Interviewing Lessons from the NFL

Although I’m admittedly not much a football fan, I’ve been captivated like a lot of people by the unusual drama taking place within the NFL playoffs this year.  In fact, as I type this, I’m sitting here watching the Indianapolis Colts put the finishing touches on the New York Jets — which is too bad, since the Jets are unquestionably the “Cinderella” team of the season.  Luckily, though, there’s another exciting game coming up shortly, where millions of people will tune in to see whether the grizzled 40-year-old veteran, Brett Favre, can lead his team to the Super Bowl over the New Orleans Saints.  Alas, if only the Seahawks were still in the running….

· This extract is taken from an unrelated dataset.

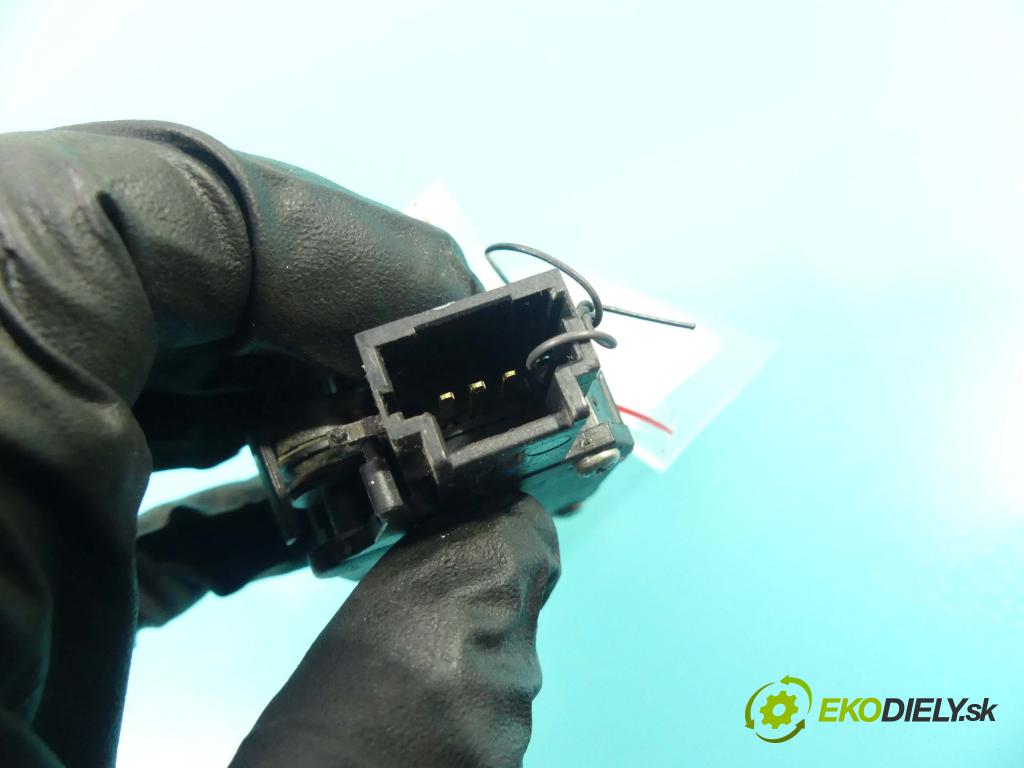 Alfa romeo Giulietta 1.6 jtdm: 105 HP manual 77 kW 1598 cm3 5- Senzory: ostatné 00505151480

In the meantime, since I’m in a sports-related frame of mind at the moment, I thought I’d pass along a New York Times article that a client of mine was kind enough to e-mail to me earlier today.  This article outlines the interviewing process Rex Ryan went through a year ago to land his role as head coach of the New York Jets.  You’ll find the article here and I’d strongly encourage you to read it, since it not only is pretty amusing, but also provides a refreshing illustration of a case where “substance” was able to trump “style” in the interviewing process.  As you’ll read, Coach Ryan didn’t necessarily make the best first impression by showing up late for the interview, or by dumping soda all over himself, but when he started to talk about his leadership philosophy and his incredibly clear and positive vision for the team’s future, the powers-that-be knew they had their man!


One Response to “Interviewing Lessons from the NFL”

  1. I thought the “wow” factor by Coach Ryan is that he showed up with a 60 page plan. That’s right, 60 pages written by a football coach!

    I think the lesson learned here is that when interviewing, be prepared like Coach Ryan. You might not be asked for that much information, but if you don’t have a strong, substantial answer to “what is your 90 day plan for this position,” you better! I really think this type of strategy for interviewing is catching on.